In July, two other new offerings will give our community a chance to explore both yoga and meditation-themed Shabbat services. On the 9th, musical accompanist Angela Gold joins me in leading a meditative service invoking the technique called hitbodedut, a spontaneous and personal form of prayer and meditation taught by Rabbi Nachman of Breslov. The Hasidic rabbi taught his students to pray to God as if talking to a dear friend. This service will focus on freeing ourselves of the constraints of the written words in the prayer book and will encourage us to pray informally and find our own words with which to connect with God.
On July 16, Rabbi Lisa Delson will lead a Yoga Shabbat, focusing on connecting our mind and body through Jewish prayer. Judaism has evolved, as we know, throughout the ages and across the lands, finding influences from Babylonian, Zoroastrianism, and Greek cultures, to name just a few. Yoga is a spiritual practice that combines the body, the spirit, and the mind. This prayer service will make this combination in a Jewish context. Both July offerings will focus on kavanah, the sense of intentionality, or the mindset that we bring to the Shabbat experience.
In the month of August, one service will combine Kabbalah and a drum circle, and the other will focus on the power of healing prayers. On August 13, Cantor Barry Reich will put together a drum circle Shabbat service, using Kabbalah to help us break old vessels and see new light. Kabbalah is not a separate form of Judaism, rather it is a longstanding strand within Judaism that finds its early forms in 12th to 13th-century Southern France and which then blossomed in 16th- century northern Israel, particularly in the city of Tzfat. Now it is part of the colorful fabric of modern Judaism, and we get to experience it here at PTS.
I will have the privilege of leading a healing service with musical accompanist Emily Pelc on August 27. This service will try to create of vision of wellness for us, both individually and communally, through the power of prayer, both spoken and sung. So many of us have felt deeply moved by the singing of the Mi Shebeirach prayer at a Shabbat service. The prayer, with its touching words and soaring melody, can be extraordinarily affecting. This service will draw on music, prayer, texts, and guided meditation to move our spirits.

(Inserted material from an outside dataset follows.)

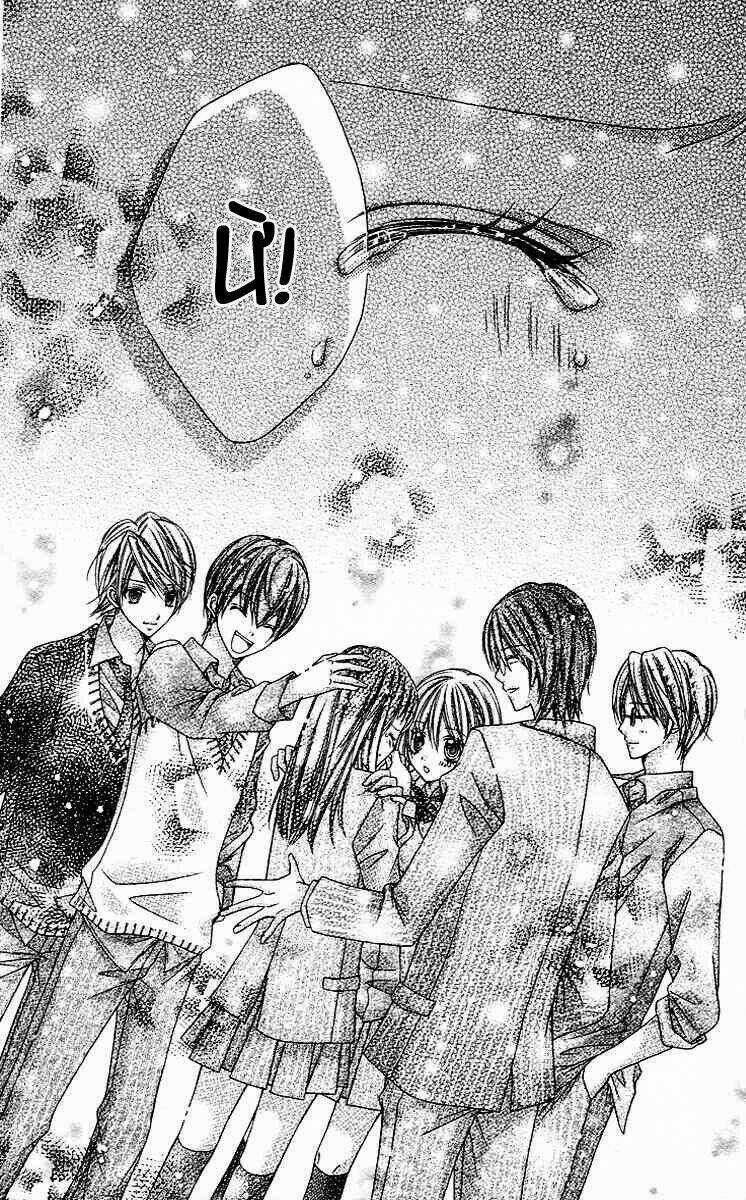 Rockin' Heaven Chapter 13 trang 25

We are fortunate to live at a time when the broad menu of Jewish spiritual offerings are ours for the taking. This is a remarkable period in which to experience liberal Judaism, and we want to know what works for you. If you have a creative service idea that you would like to see offered here, please let us know. We are always looking for ways to grow our community and to grow in spirit. I encourage you to come to some or all of our Shabbat Morning @ Sholom services, and to bring a friend. May our Shabbat experiences be a blessing!